Conseil suisse de la presse

Le Conseil suisse de la presse donne raison au «Temps» face à Dmitri Rybolovlev

Dmitri Rybolovlev contestait le traitement du «Temps» dans l'affaire Bouvier. Le Conseil suisse de la presse estime que le journal a respecté les principes fondamentaux du métier

«Le Temps» n’avait pas plu au milliardaire russe Dmitri Rybolovlev qui a donc saisi le Conseil suisse de la presse. C’était le 4 juin 2015: notre journal publie, sous la plume d’Alexis Favre, un article intitulé «Comment le piège monégasque s’est refermé sur Yves Bouvier».
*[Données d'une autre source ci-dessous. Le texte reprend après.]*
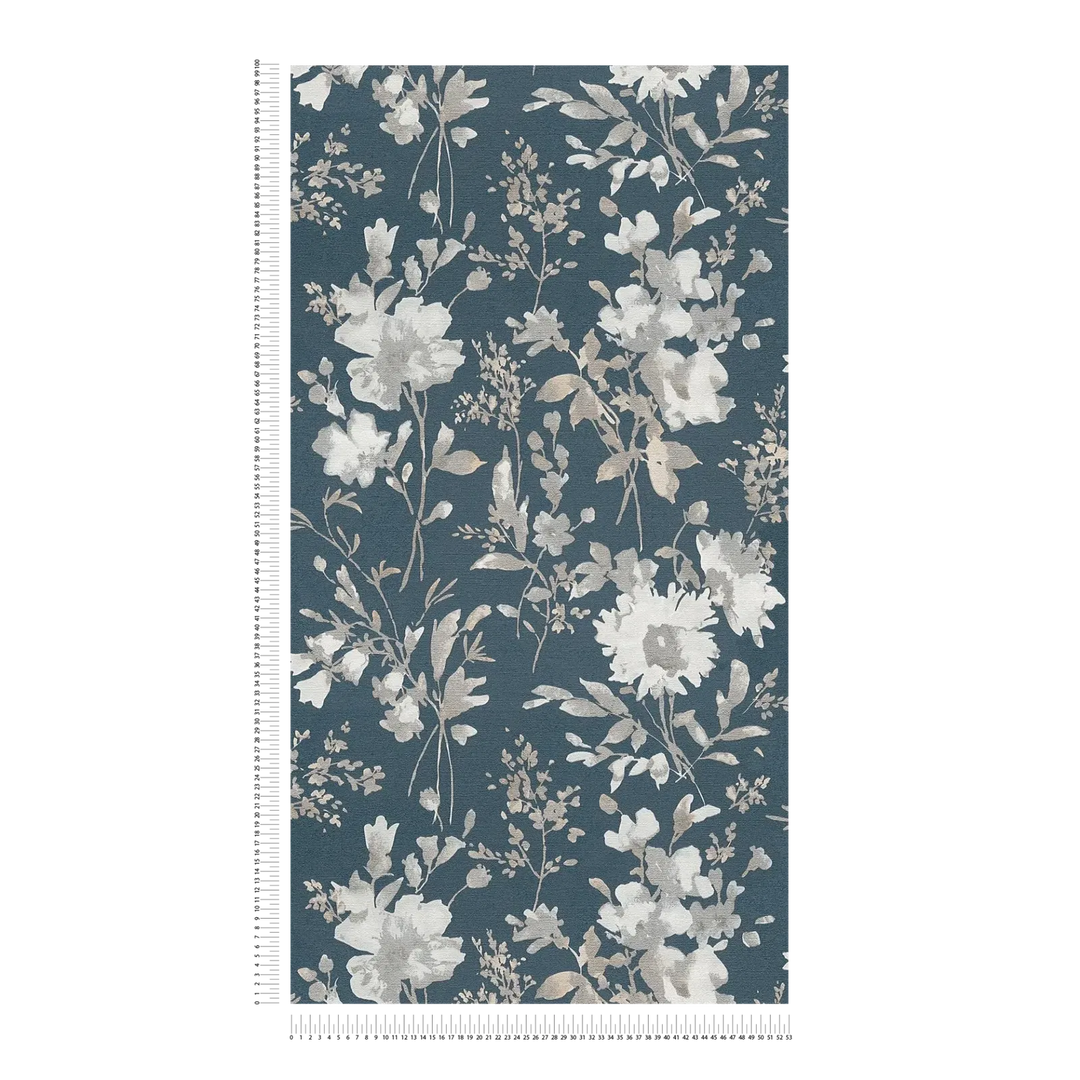 Обои на нетканой основе с легким блеском и игривым цветочным рисунком в голубых тонах - 3010127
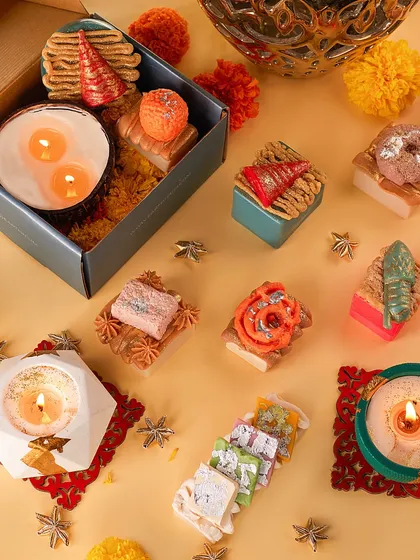 My Mithai-shaped soaps are a fun and unique gift, especially when paired with my festive candles.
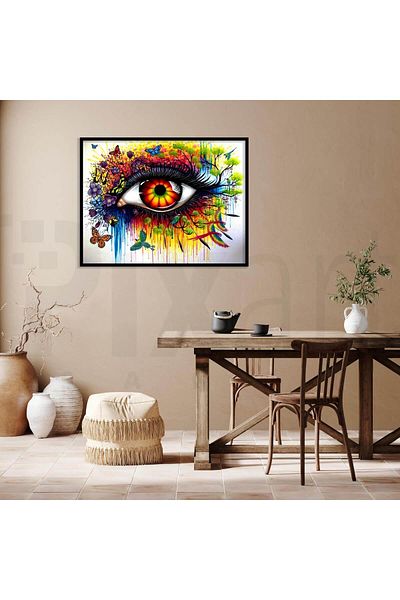 pixartsanat 30 x 40 cm Colorful Eyes PixArt Art Diamond Mosaic Painting Diamond Turkey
«Cet article, constate le Conseil Suisse de la Presse, traite de l’arrestation à Monaco de M. Bouvier, patron de Natural Le Coultre, à la suite d’une plainte pénale pour escroquerie et complicité de blanchiment déposée à son encontre par M. Dmitri Rybolovlev, milliardaire russe et collectionneur d’art, représenté par Me Tatiana Bersheda. Dans ce texte, M. Favre s’interroge sur des «bizarreries» qui auraient été constatées dans l’enquête contre M. Bouvier. Le 29 juin 2015, dans le même journal, Alexis Favre publie un autre article intitulé «Ces trusts étrangers tout-puissants qui défient la Suisse». A la lumière de la procédure de divorce médiatisée entre M. Rybolovlev et son épouse, le journaliste y traite du statut juridique des trusts étrangers, en l’espèce chypriotes, en droit suisse».

Le conseil de Rybolovlev attaque

Le 3 juillet 2015, Me Bersheda, au nom de M. Dmitri Rybolovlev et de deux de ses sociétés appartenant à un trust familial, saisit le Conseil suisse de la presse. Elle estime que dans ses articles parus dans «Le Temps» des 4 et 29 juin 2015, Alexis Favre a contrevenu aux chiffres 1 (recherche de la vérité) et 4 (loyauté) de la «Déclaration des devoirs et des droits du/de la journaliste» (ci-après «Déclaration»). Elle mentionne en particulier la directive 4.6 (entretien aux fins d’enquête).»

«Le Temps» réplique

En date du 3 septembre 2015, Le Temps, par l’entremise de Stéphane Benoit-Godet, son rédacteur en chef, et Alexis Favre, journaliste, prennent position sur la plainte de Me Bersheda. Ils demandent au Conseil suisse de la presse de la rejeter. Ils estiment qu’il s’agit d’une «tentative d’intimidation» visant à «entraver un travail d’investigation journalistique mené avec rigueur, indépendance et impartialité, dans le respect scrupuleux du droit et des règles déontologiques de la profession».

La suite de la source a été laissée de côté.